Çay, yağ, makyaj, çikolata lekeleri… Gün içinde fark etmeden üzerinize bulaşan lekeler artık kâbus olmaktan çıkıyor. Siemens iQ500 çamaşır makinesi ile stainRemoval teknolojisi devreye giriyor. Tek bir dokunuşla çay, yağ, kozmetik veya günlük hayatta karşılaştığınız diğer zor lekeler için özel programları aktif edebilirsiniz. 

Siemens Home Connect uygulaması sayesinde daha fazla leke türünü ve bunlar için geliştirilmiş özel programları keşfetmek de mümkün. Yani sadece “lekeyi çıkar” demekle kalmıyor, sizin için en doğru yıkama programını da otomatik olarak öneriyor. Böylece hem lekelerle uğraşmak zorunda kalmıyor hem de giysilerinizin ömrünü koruyorsunuz. 

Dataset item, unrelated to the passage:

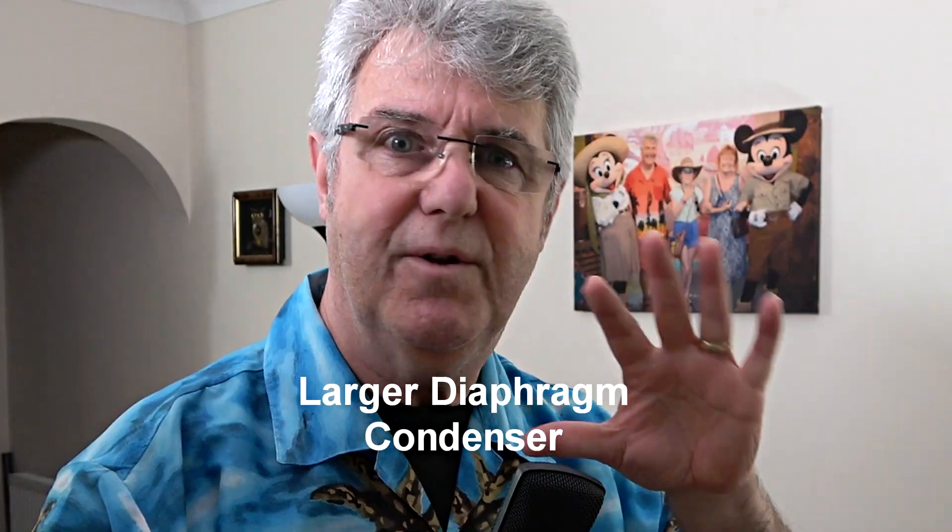This microphone has a larger capsule — not full-sized but between a full-size and the smaller condensers — and because of that it produces a fuller frequency response. It also needs 48-volt phantom power and is very sensitive. This particular one is a budget T-bone, and the reason I use it in my room is because it has a super-cardioid pattern and doesn't pick up so much of the room.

Artık çocuğunuza yemek yedirirken dökülen yemek lekeleri, kahve kazaları ya da mutfakta sıçrayan yağ lekeleri sizi endişelendirmiyor. stainRemoval, günlük hayatın getirdiği küçük sürprizlere karşı en güvenilir yardımcınız oluyor. 

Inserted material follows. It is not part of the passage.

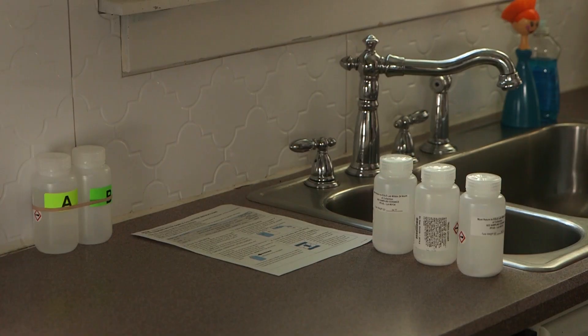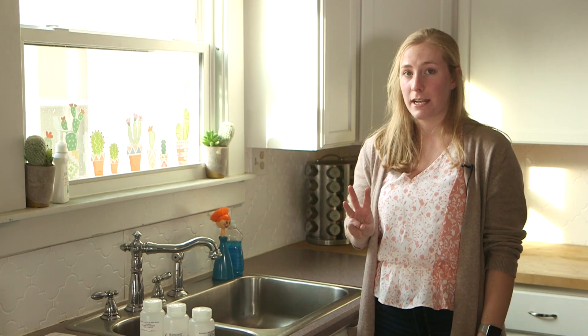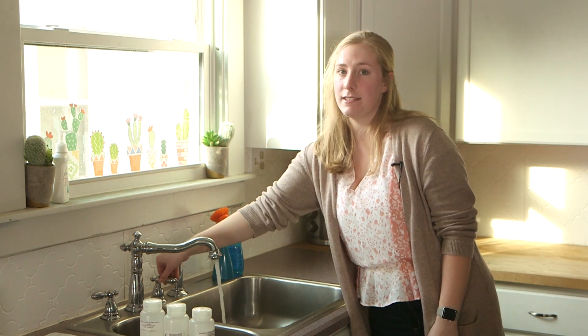Now that it's been 24 hours, you'll want to figure out a place to sample the water from. You should pick somewhere where you drink water frequently, like your kitchen sink. Place your three unmarked bottles in a row near the sink. You may also want your sampling instructions nearby. Now run the cold water for three minutes at full strength. You may want to set a timer.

Siemens iQ500 çamaşır ve kurutma makineleri, artık sadece kıyafetlerinizi temizleyen makineler değil; size zaman, konfor ve güven veren akıllı iş ortaklarınızdır. Ütüye harcadığınız vakti kendinize ayırın, lekelerle uğraşmayı unutun ve teknolojinin yaşam alanınıza uyumunun keyfini yaşayın.

*Bu yazı Siemens’in katkılarıyla hazırlanmıştır.